Device recognition is the correlation of schematic elements to physical layout structures on the IC. For example, the analyst might need to determine if a particular defect is occurring in a NAND gate or in a D flip-flop. The analyst accomplishes this task by determining what combination of layers implement what devices, building up these individual identifications into a circuit or portion of a circuit.

Device recognition is a useful and many times necessary skill for the failure analyst when he or she is required to relate a physical defect to a particular electrical behavior. Device recognition may also be necessary when layout and schematic information are not available. The skill of correlating a schematic element or elements to physical structures on the IC can mean the difference between properly identifying the failure mechanism and misdiagnosis.

Why Perform Device Recognition?

Device recognition is performed for several different reasons:

Correlate a physical defect with a particular electrical behavior.
The analyst must determine if the physical defect found correlates with the observed electrical behavior in order to determine the failure mechanism. If the local circuitry around the defect is understood, then the failure mechanism can be more quickly verified.
Correlate a layout implementation with a particular electrical behavior.
Sometimes a particular layout can result in incorrect electrical behavior. The ability to understand the local circuitry implementation as well as other factors, such as layout-induced parasitics and leakage paths, determine the outcome of the analysis.
To understand the schematic elements of a local region on the IC.
Many of today's complex ICs are designed from behavioral models, so gate level schematics are never generated. Unfortunately, the failure analyst may need to understand the gate level operation of a circuit in order to diagnose the failure. The ability to recognize circuit elements and construct a portion of the circuitry can greatly aid in understanding the failure.
To reverse engineer an IC.
For some circuits it may be necessary to gain a complete understanding of the electrical behavior of the circuit based on its physical implementation. Reverse engineering may be the only alternative to obtaining the information.

These four reasons constitute the main reasons for performing device recognition. A proficient analyst should be able to produce a schematic from layout data or optical/SEM inspection coupled with some deprocessing.

How is Device Recognition Performed?

Device recognition is typically performed using an optical microscope. Some of today's more advanced technologies require deprocessing and SEM inspection as well. Many regard device recognition as a black art. While today's complex designs can make device recognition difficult, a basic understanding of VLSI design and processing can make this task relatively straightforward. First, a basic understanding of processing is in order.
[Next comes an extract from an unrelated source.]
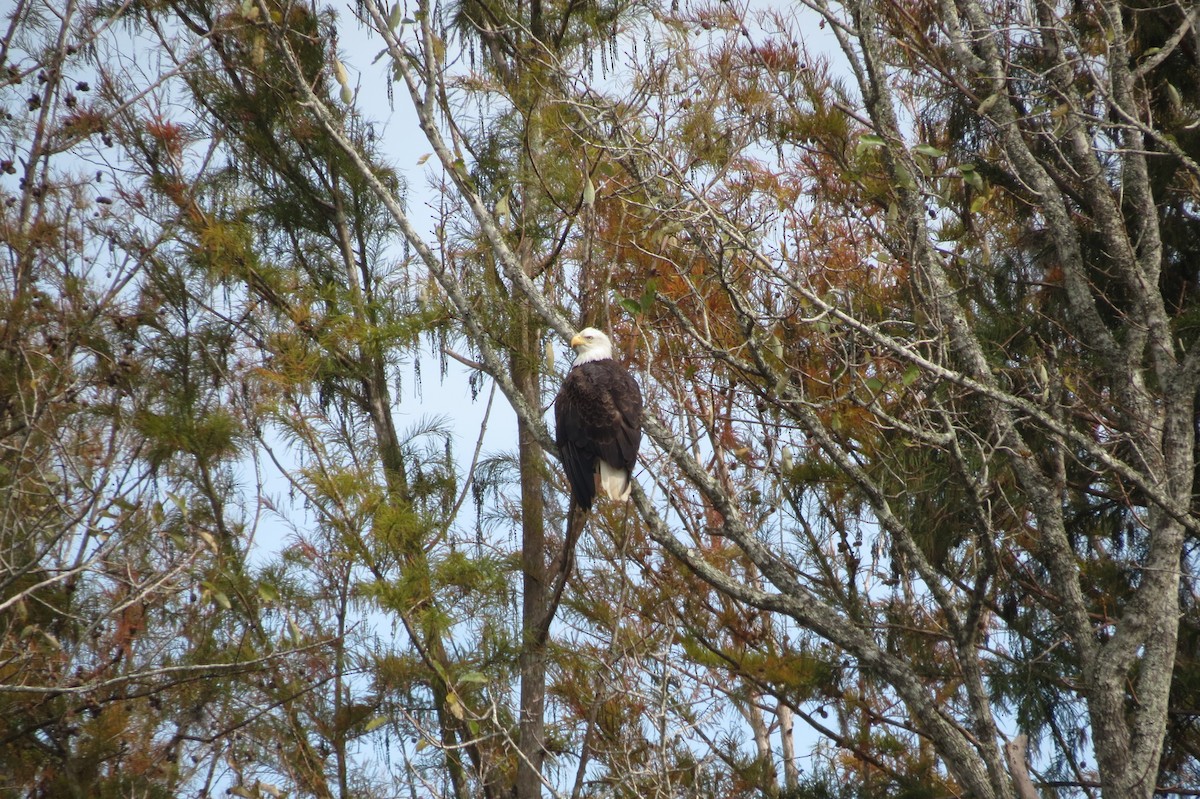 Weißkopf-Seeadler - ML618408166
Bipolar Circuit Design and Layout

A typical npn bipolar transistor has the following appearance in cross section and top view (see Figure 1). Again, the cross sectional and top view coincide in the horizontal dimension. A substrate pnp bipolar transistor is shown in Figure 2. Although the current gains from this design can be made relatively high, the collector terminal is connected to the substrate, limiting its use in potential designs. Another common pnp transistor design is the lateral pnp transistor (see Figure 3). This transistor has relatively poor transistor gain since the base diffusion is larger. However, it does allow for more flexibility in design.

A basic npn transistor from a bipolar process in cross section and top view (after Maly).

A substrate pnp transistor from a bipolar process in cross section and top view (after Maly).

A lateral pnp transistor from a bipolar process in cross section and top view (after Maly).

Next, we show a series of layouts demonstrating resistors in the bipolar process. Figure 4 shows an example of this.The following figure shows a series of layouts demostrating several npn and pnp transistors that are different in design than those shown in Figs. 1 through 3 (see Figure 5). Finally, a bipolar circuit exhibiting an R-S flip flop is shown in Figure 6. The schematic is shown in Figure 7. At this point, it is also worthwhile to show an oxide isolated bipolar process (see Figure 8). This process is more commonly used for today's bipolar circuitry because it eliminates the need for larger spacing between devices by using an oxide spacer between devices. The parasitic capacitances are also reduced, allowing the circuitry to switch faster.

Several examples of resistors in a bipolar technology. R1, R2, R3 are base resistors, R5 is a base pinch resistor (emitter region creates a pinched channel, raiseing the resistance of R5 so less area is required), R6 is an emitter resistor (low ohmage resistor), R7 is also a base resistor - used for a different application than R1-R3 (since it is isolated in a separate tub from R1-R5). The epi-collector contacts associated with R1-R5 and R7 provide a fixed voltage for the region. R8 is an epitaxiatial resitor for high ohmage requirements (after Maly).

Figure 5a npn transistor with multiple emitter wells. The multiple emitter wells allow this device to handle higher current, making it useful to drive signals off the die (commonly used for creating I/O structures). Figure 5b Lateral pnp transistor. The ring structure provides better minority carrier injection, which results in better gain and hence better device performance. Figure 5c An npn transistor with multiple emitters. Multiple emitters create an easy way to create some logic functions like multiple input gates (e.g. 2 NAND, 2NOR, etc.).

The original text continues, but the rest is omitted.